- **Data for review**
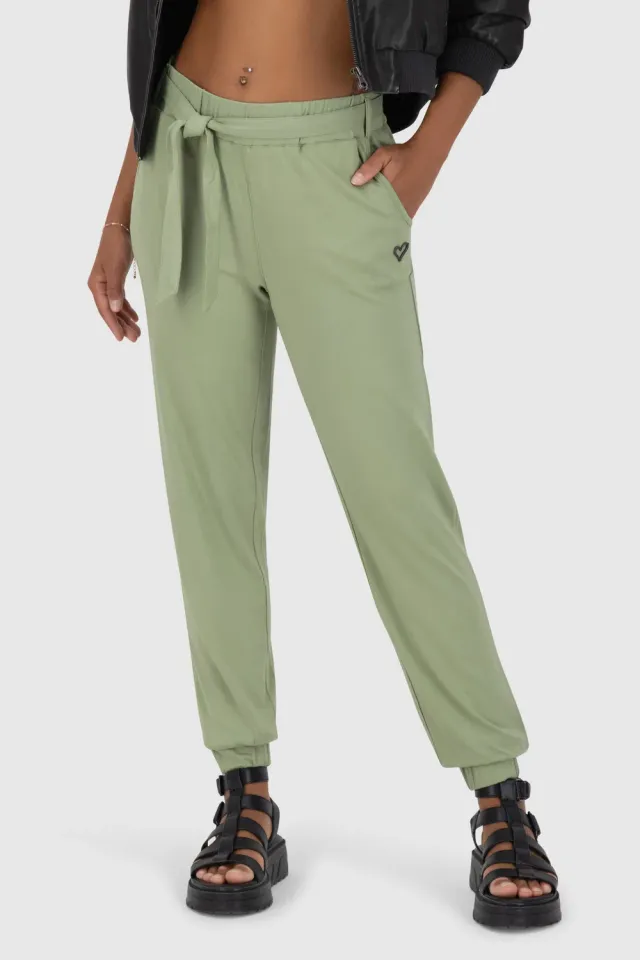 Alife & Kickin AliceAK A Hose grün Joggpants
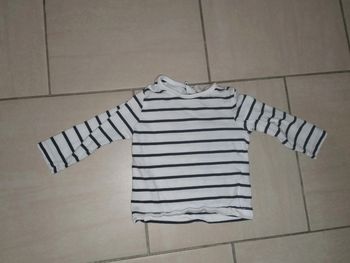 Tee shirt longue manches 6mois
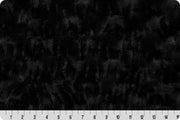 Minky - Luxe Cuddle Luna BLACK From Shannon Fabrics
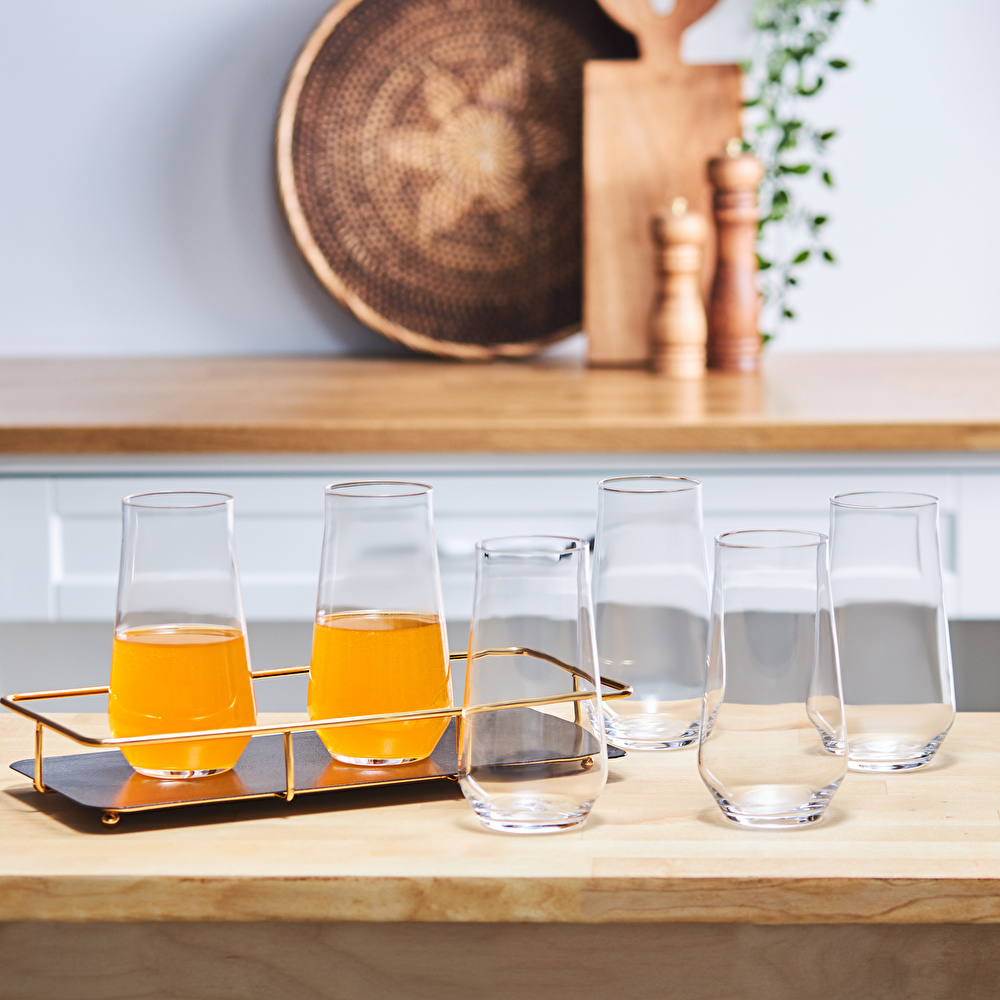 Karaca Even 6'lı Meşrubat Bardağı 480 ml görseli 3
---
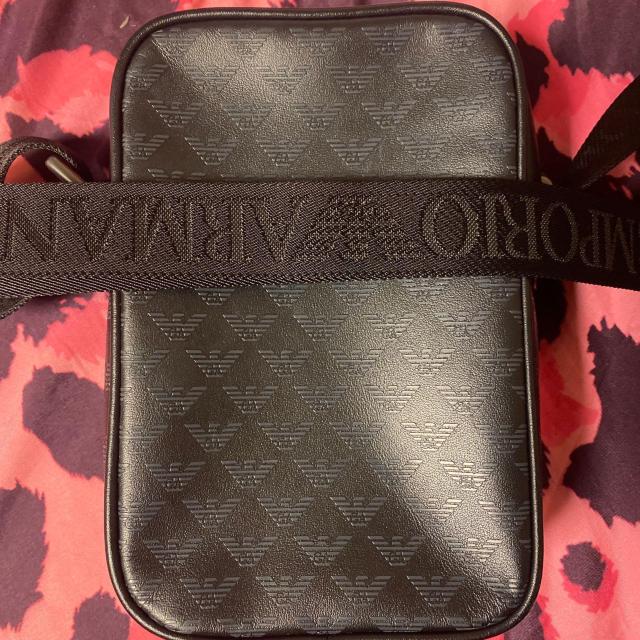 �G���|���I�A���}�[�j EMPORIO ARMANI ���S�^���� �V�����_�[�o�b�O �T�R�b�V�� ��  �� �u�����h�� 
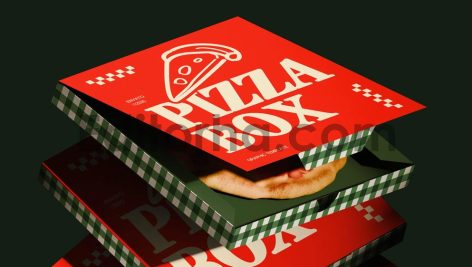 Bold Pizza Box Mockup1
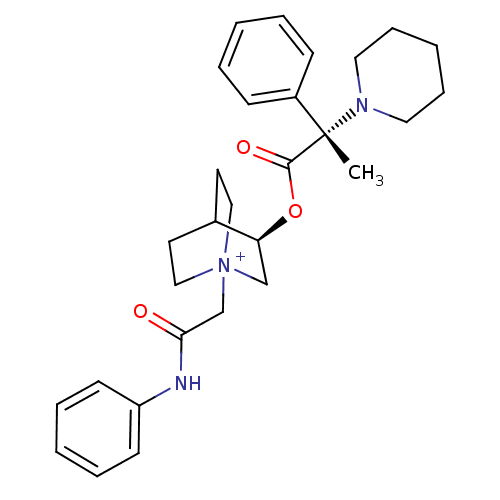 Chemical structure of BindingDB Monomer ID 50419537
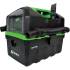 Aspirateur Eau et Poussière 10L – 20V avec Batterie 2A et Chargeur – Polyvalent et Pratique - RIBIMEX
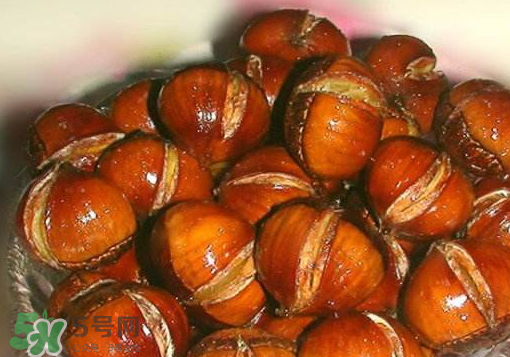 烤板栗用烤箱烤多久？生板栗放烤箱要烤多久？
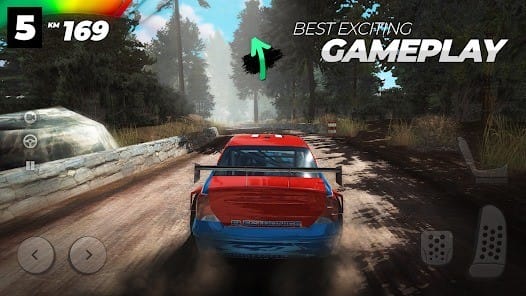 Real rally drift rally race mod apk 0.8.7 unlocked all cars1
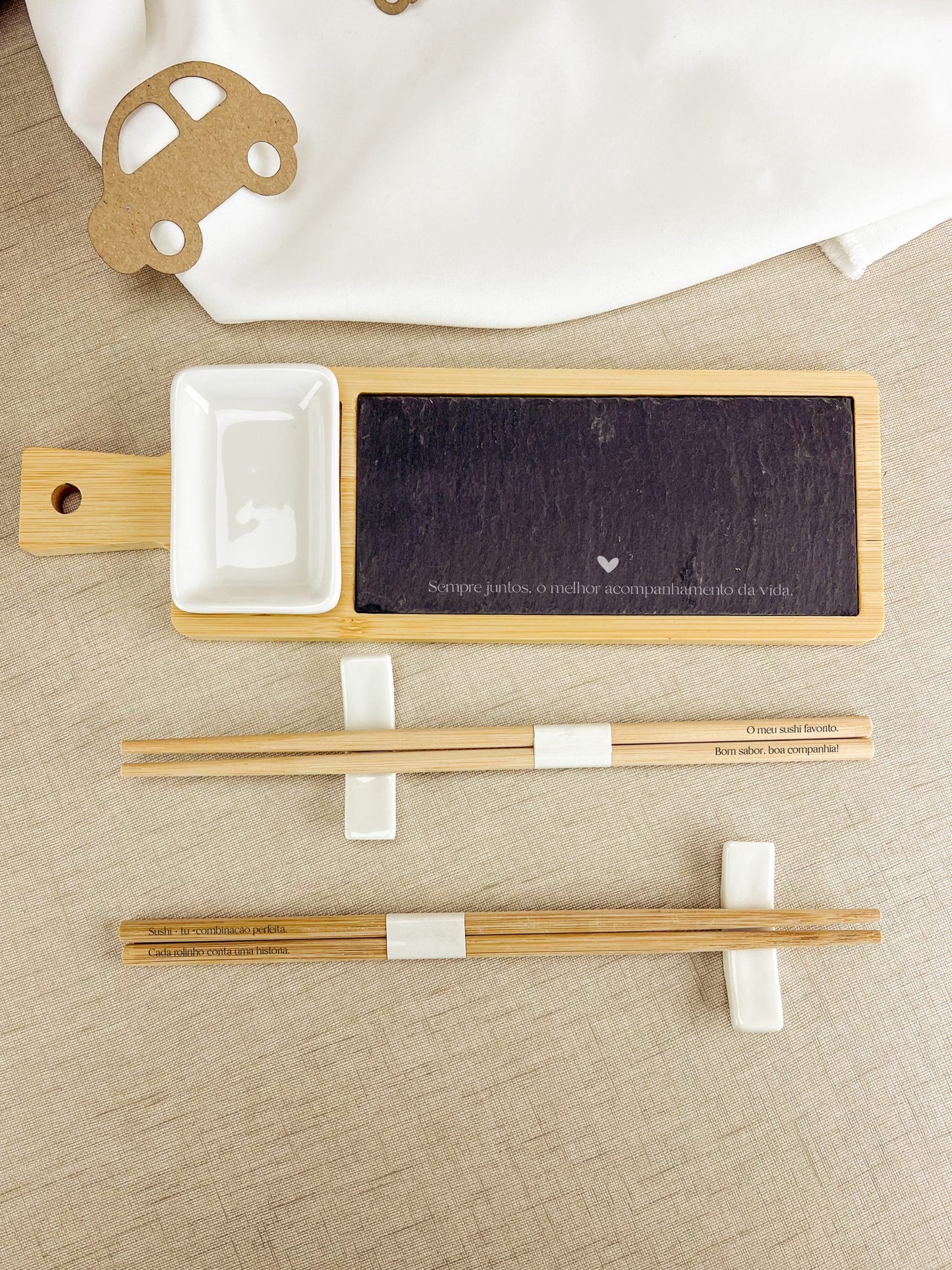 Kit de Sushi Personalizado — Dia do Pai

- **Task requirements**
In the listing above, find the line with "Alife & Kickin AliceAK A Hose grün Joggpants" and the line with "Karaca Even 6'lı". Transcribe those two and everything between, exactly, leaving out pictures.

- **Problem solution**
 Alife & Kickin AliceAK A Hose grün Joggpants
 Tee shirt longue manches 6mois
 Minky - Luxe Cuddle Luna BLACK From Shannon Fabrics
 Karaca Even 6'lı Meşrubat Bardağı 480 ml görseli 3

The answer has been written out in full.